For when flowers or chocolates don’t feel quite enough.
“I was thinking about a trip,” says my son. “To the moon.”
“What about flowers?” I suggest. “Chocolates? A book?”
My son frowns. His face is small, skeptical. “Or superpowers,” he says. “If we gave her superpowers then she could get anything she wanted.”
“That’s true,” I say. “Or we could get her flowers?”
“How is that enough?” he says, plainly.
He’s right, of course. How can that be enough?
What do you buy a teacher to say thank you?
I still remember my first day of school. My teacher shook my hand at the classroom door. He was too tall for the doorway and had to stoop. He smiled at me. An open, welcoming smile. (He was painfully nervous that day, he told us years later. It was his first teaching job and he had to face thirty of us kids, plus thirty sets of parents.)
“Hello! It’s so good to meet you, Gemma.”
I remember those words. That handshake. The fact that he knew my name.
I sat next to a dark-haired boy at the back of the classroom. Another introverted melancholic. We sat together all year. He taught me how to do sums; I taught him how to draw a horse with crayons. At morning tea he gave me his raisin box for half my roll-up. It was a happy mutualism. The teacher had carefully engineered it this way. The whole class room was, in fact, carefully planned: noisy kids in the front where he could keep and eye on them; social butterflies carefully dispersed so they didn’t distract each other; introverts with other introverts.
Our teacher taught us for eight years. We learnt to read, to write, to do sums. We learnt about the Roman empire and the Greeks and how photosynthesis works. We learnt about Antarctica and our teacher organised a trip to a Watties storehouse so we could stand in the cold for 20 minutes in hats and mittens and experience what Antarctica might be like. We learnt Hamlet and Taming of the Shrew. We learnt anatomy. We learnt how to kayak.
I met up with my old desk mate at university years later. We sat in the crowded student cafe, at the back, and talked about our time at school.
“Do you remember when our teacher gave us a book each as a reward for learning our 12 times tables?”
“Yes,” I said. I’d been given Oliver Twist. I was nine years old.
I still have that book. I still remember doing the quiz our teacher set to see if we knew our times tables. I remember receiving the book, how he shook my hand. It felt like such a milestone, like I’d achieved something amazing. I felt like I could do anything.
‘You can do anything you want,” says my English teacher. It’s an all-girls school. We are 15. We are grumpy and hormonal. It’s December and we are also tired, and hot.
“You can do anything you want!” says my English teacher. “You can be anything you want!”
We lounge across our desks. Our uniforms are itchy. We are grumpy. We are hormonal.
“Repeat after me,” she says. “I can do anything I want! I can be anything I want!”
Slowly, grumpily, we repeat it. Again and again. We are tired. We are hot. We are hormonal. We mumble. We moan. But we say it, anyway.
Years later, I remember that day. I remember those words. I remember that teacher. I remember her relentlessness, her drive, for us. She gave us more than King Lear and Katherine Mansfield. She gave us an appreciation for our own power.

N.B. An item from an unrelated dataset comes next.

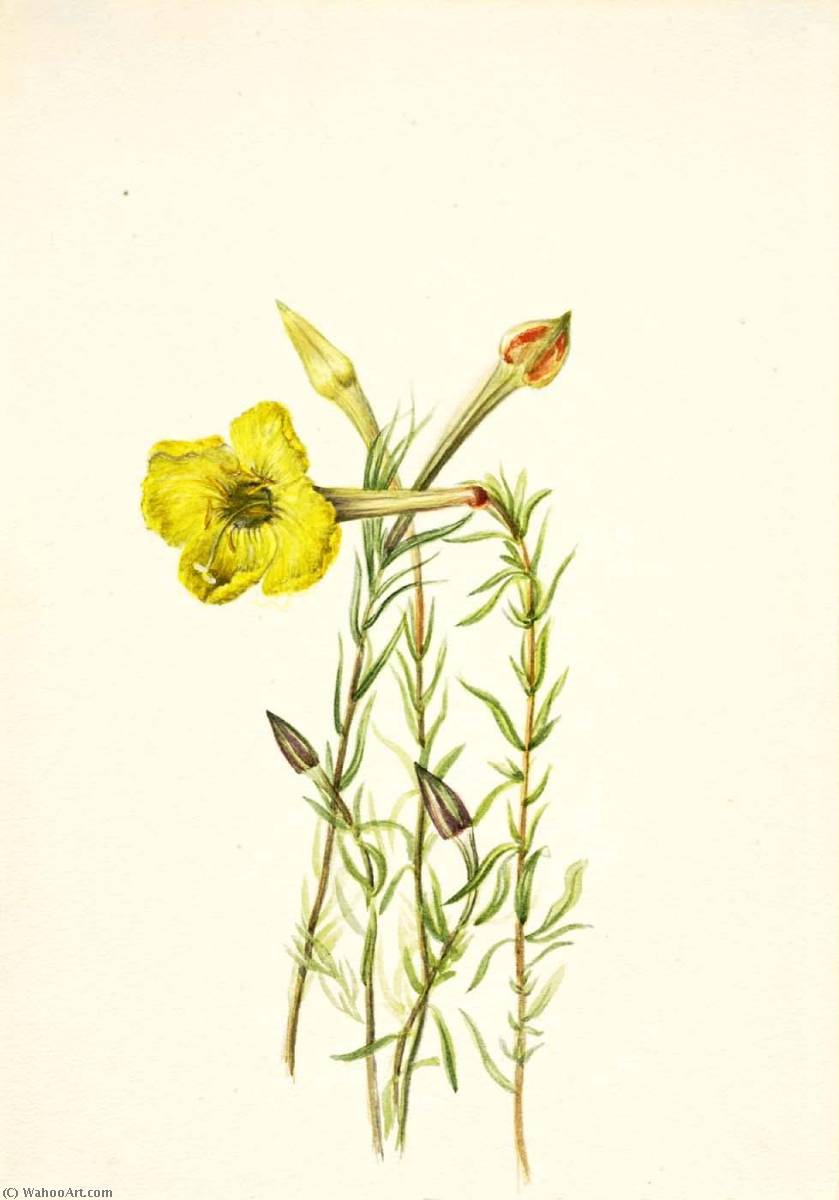 WikiOO.org - Enciclopédia das Belas Artes - Pintura, Arte por Mary Morris Vaux Walcott - Evening Primrose (Oenothera lavandalaefolia)
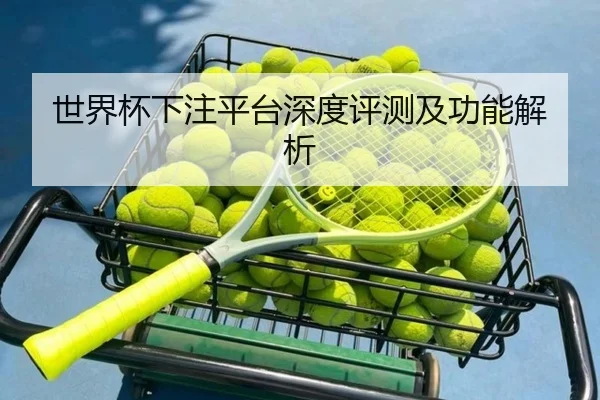 世界杯下注平台深度评测及功能解析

What do you get a teacher to say thank you? This is a question for lots of people at this time of year. In Facebook and WhatsApp groups. At the school gate. Among groups of uni students. There are suggestions of wine, chocolate, massage vouchers. It’s a tight economic time. No one has a lot to spend. Yet it all seems – money constraints aside – inadequate, insufficient.
How do you truly thank someone who has persevered in teaching a child to read? Trying technique after technique, again and again, looking for more things – tools, ideas, approaches – to help?
How do you truly thank someone who has read a child Pippi Longstockings and Danny, the Champion of the World and shown them how to paint murals and make clay mountains?
How do you truly thank someone who has given a child a love of numbers? Taught them how to notice patterns in nature? How to quantify pieces of the world?
How do you truly thank someone who has helped a child make friends? Who has noticed when they are unhappy, or alone, or not feeling well? Who has held their hand when they felt afraid? Who has been there day after day?
How do you truly thank someone who a child is likely to remember for the rest of their life?
Here’s one answer: A trip to the moon.
Here’s another. Picture a child who runs to school every morning for a year, parting with a quick wave, not looking back. Picture a child who comes home every afternoon brimming with new information: a book, a painting of a sunset, a new way of looking at the world. Picture a child who, decades later, when this time is nothing but a memory, might think of something you said – a phrase, a word, a lesson – and stop and smile; take something from it and use it, because now they have a place in the world. A place that you helped them take.